Ok, thanks Fegari - that should make PS run pretty well and should take care of rendering previews in LR in library mode. The remaining constraint I guess you will have is rendering LR previews  in Develop mode which will still be constrained by read speed off your files disk which is presumably a mechanical drive.

With your configuration, do you find there is benefit to adding more memory or have you lessened the requirement for high memory with your SSD's. Thanks and Regards.

I have LR, Photoshop and the OS on my primary SSD (128GB). The lightroom catalog files, ACR cache, and the photoshop scratch disk go on a second SSD (also 128GB).  Image files are located on a fast 2TB hard drive.

I don't find that LR needs much RAM at all. My old system only had 8 GB and LR never would use it all. My current machine now has 16GB and that's more than enough. The only caveat is that when you use LR and Photoshop together, Photoshop can use up all the RAM and leave none available. This will adversely affect LR's speed if the RAM usage hits 100%, even if you have a fast scratch disk. So my recommendation would be to get enough RAM to cover your Photoshop usage so that Photoshop doesn't step on LR's toes, so to speak.

I don't think that your comment about the Develop module being constrained by a traditional hard drive is necessarily correct. While I'm sure it has some impact, the main thing that is happening in the Develop module that the CPU is rendering the image data from the RAW file. The time it takes for the CPU to render the data is significantly longer than the time to pull the data off the hard drive. The CPU rendering time might be between 2-3 seconds for a 20+ megapixel file, where the time for the data to be pulled off of even a slow hard drive is under half a second. The real bottleneck for rendering previews/importing/exporting/develop module is going to be the CPU speed.

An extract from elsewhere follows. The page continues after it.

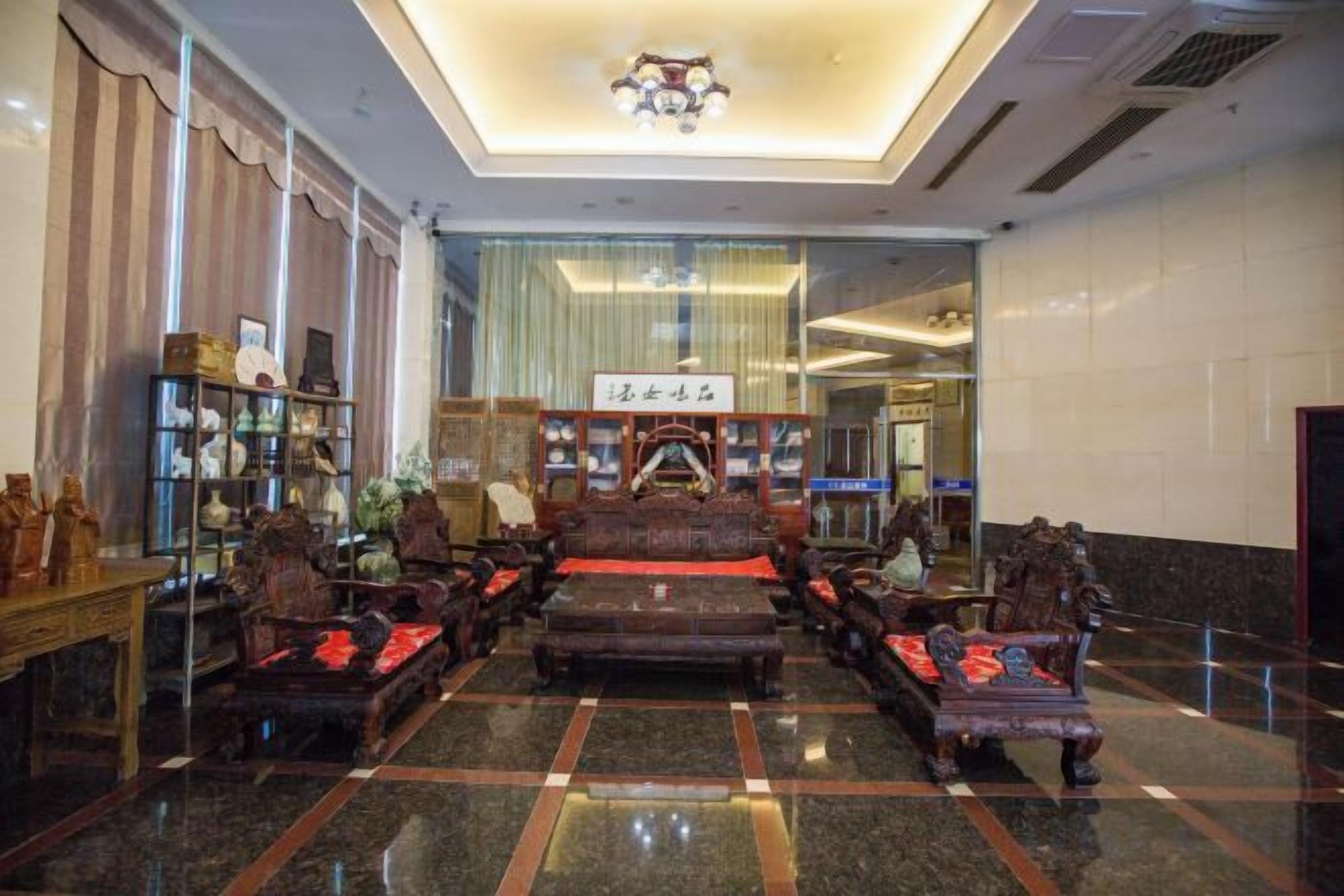 A lobby with traditional furniture, a reception desk, and a glass partition.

That said, I do try to optimize my system so that disk speed is not an issue. On my 2TB storage drive, I partitioned off the first 100GB where the drive speed and transfer rates are the fastest (due to the rotational platter/fixed disk head design of a traditional hard drive). I use that partition for importing and working on my current photo projects. Once those are done/keyworded/exported, I'll move the files off to the remaining portion of the drive for longer term storage where speed isn't as important.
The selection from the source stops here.